Custom Document Properties and Fields

Word comes with a number of predefined Document Properties such as Author, Pages, etc. From the File – Info – Properties – Advanced Properties, you can view the inbuilt properties and assign values to them, and you can create custom properties and assign the type and value to them and add them to the document.

The basic idea of using custom documents is that you create these properties and then using Insert QuickParts – Fields – DocProperty and choose the property you wish to insert.

From Access you would use something like the following code to populate the document with data.

[sourcecode language=”VB” gutter=”false”] Dim objWord As Word.Document
Set objWord = GetObject("C:\MyTemplate.docx", "Word.Document")
objWord.Application.Visible = True

With objWord.ActiveDocument.CustomDocumentProperties
Add Name:="CustomerNumber", _
LinkToContent:=False, _
Type:=msoPropertyTypeNumber, _
Value:=1000
End With
[/sourcecode]

An advantage of using document properties over bookmarks is that you can refer to a document property from many places in the document, so if data needs to repeated multiple time, you only have to update the property value once and everything update.
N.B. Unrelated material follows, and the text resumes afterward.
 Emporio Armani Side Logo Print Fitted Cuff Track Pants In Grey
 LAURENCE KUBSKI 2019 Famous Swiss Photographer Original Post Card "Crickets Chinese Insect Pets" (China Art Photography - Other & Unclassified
With Bookmarks you have have a differently named bookmark for every location, and creating multiple record documents can be problematic

As in using Bookmarks, the management of this can get quite complex. Personally I do not like Access to do so much work other than just providing the data. To achieve this it is possible of course to pull the data from inside Word, and link to the data in Access (or other databases), and similarly populate bookmarks or document properties, however this generally means that the report selection is handled from with Word, however since my applications are usually driven from Access I usually prefer it the other way around. But this is an option.

Visual Studio and specialist third party .NET libraries

Products such as Aspose provide tools for building documents, and generally this is less of an option for Access developers.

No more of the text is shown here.